| PROBLEM REQUIREMENTS |
In the data below, the answer is the run of lines from the line containing "Blank white tear" through the line containing "Doudou pompon lapin", both included; print it exactly and nothing else.

| DATASET RECORDS |

******

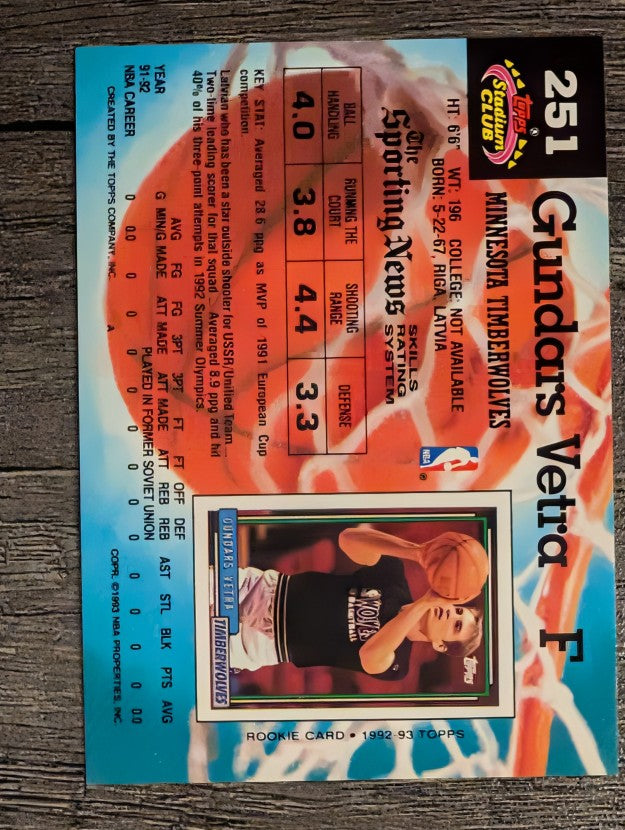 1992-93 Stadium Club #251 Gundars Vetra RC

******

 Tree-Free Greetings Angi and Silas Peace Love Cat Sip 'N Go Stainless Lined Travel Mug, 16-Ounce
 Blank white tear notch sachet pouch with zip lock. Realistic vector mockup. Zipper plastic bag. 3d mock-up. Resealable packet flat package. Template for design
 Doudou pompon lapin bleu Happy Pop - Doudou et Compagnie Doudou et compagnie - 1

******

| ANSWER TO THE EXERCISE |
 Blank white tear notch sachet pouch with zip lock. Realistic vector mockup. Zipper plastic bag. 3d mock-up. Resealable packet flat package. Template for design
 Doudou pompon lapin bleu Happy Pop - Doudou et Compagnie Doudou et compagnie - 1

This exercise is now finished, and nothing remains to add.